At a meeting of the International Astronautical Congress in Adelaide, Australia, last month, Musk laid out a plan to colonize Mars in the near future. He says he'll accomplish such an audacious feat with the help of a new rocket produced by SpaceX (one of his many companies), playfully named BFR, or Big F*cking Rocket. But Musk said that if his company is capable of building a rocket capable of traveling to the Red Planet, it might as well leverage that technology for intra–planet trips as well.

“If we're building this thing to go the moon and Mars,” he said during a speech at the meeting in Adelaide, “then why not go to other places on Earth as well?”

In Musk’s vision, those places on Earth would include New York and London. His concept would put passengers on a boat that would take them to a SpaceX–owned ocean barge, where a BFR would be waiting. Passengers would then strap into a seat before being shot into space at 17,000 miles per hour. Those on the rocket would experience temporary weightlessness before the craft turns back toward Earth and lands on another, identical barge. Musk claims that such a trip could connect travelers from New York to London in just 29 minutes for “about the same as full-fare economy in an aircraft.” A video released by SpaceX (above) even claims that the rocket could make trips between any two cities on the planet in less than an hour. 
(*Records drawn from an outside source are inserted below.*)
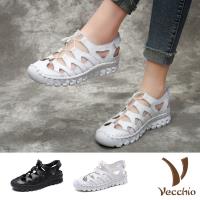 【Vecchio】真皮頭層牛皮手工縫線流線彈力抽繩魔鬼粘厚底羅馬涼鞋(2色任選)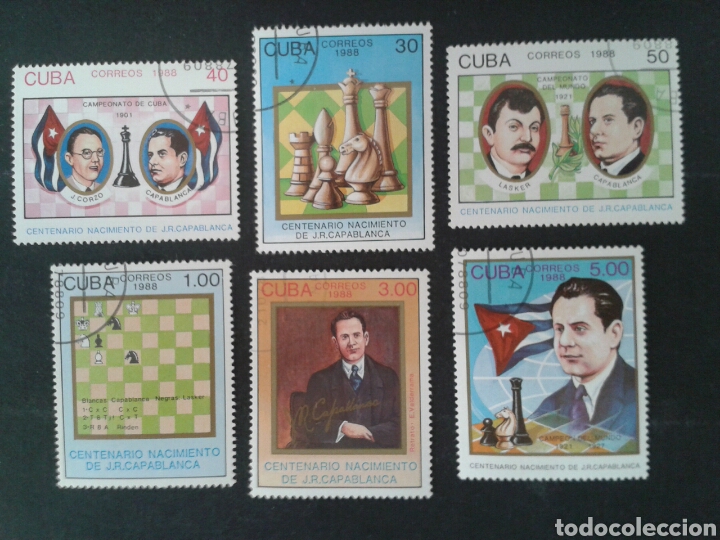 Sellos: CUBA. 2864/9. SERIE COMPLETA USADA. AJEDREZ. - Foto 1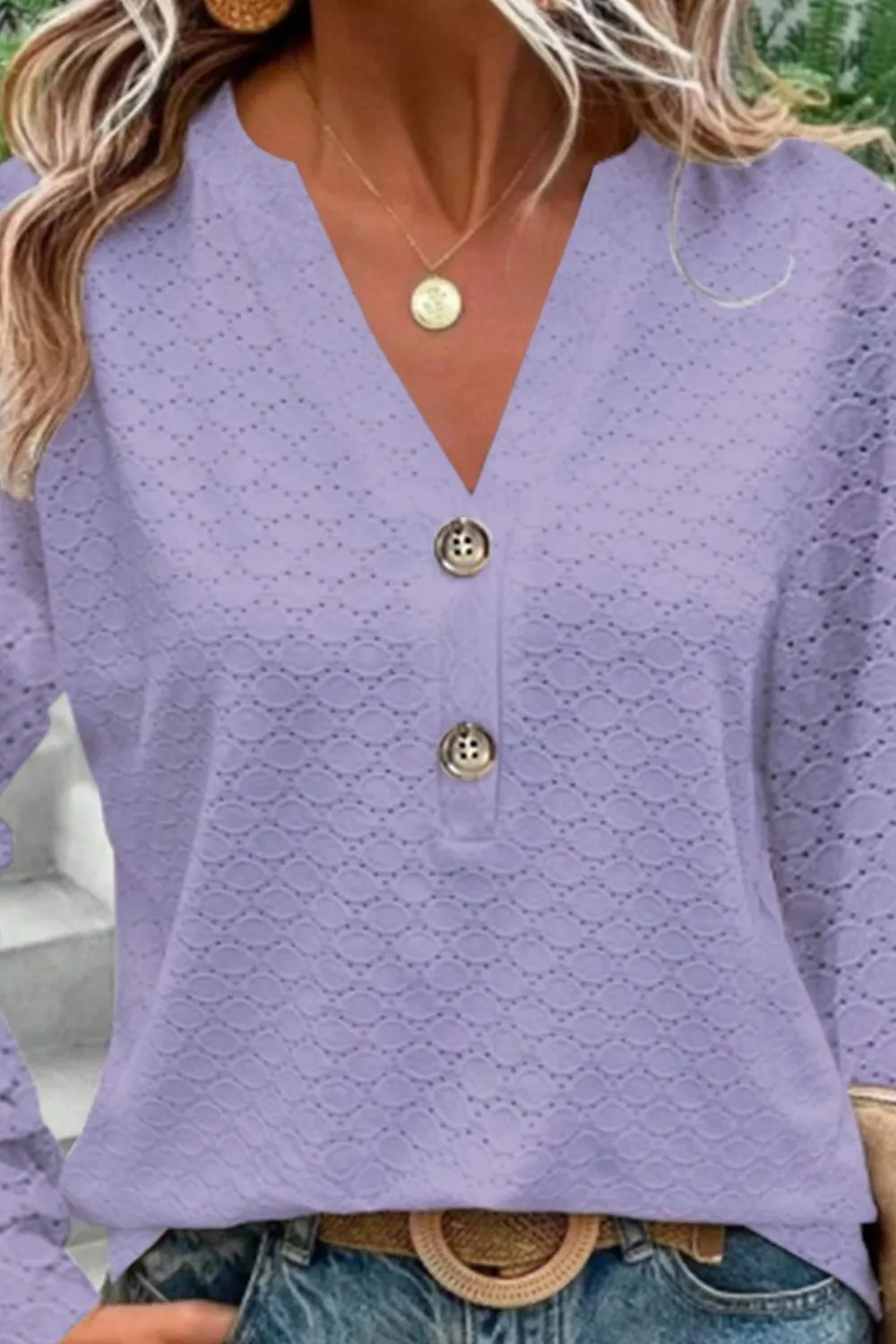 Eyelet Notched Long Sleeve T-Shirt, image 4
This might sound like complete nonsense—Musk has been widely criticized for overhyping many of his projects. But SpaceX has seen tremendous progress in recent years. After years of failures and mishaps, the company has mastered the art of recycling rockets by landing them on drone barges in the ocean after being launched into low-Earth orbit. 

Musk also drew headlines in New York over the summer when he tweeted that he had gotten an informal approval for The Boring Company (his tunnel-digging initiative) to build an underground Hyperloop train that would make a trip from the city to Washington, D.C., in 29 minutes (he really likes the number 29, apparently). 

SpaceX has not yet released any detailed plans for inter-city trips made on the BFR, but rest assured that New Yorkers will hold out hope for pretty much any idea that could save them a bit of time.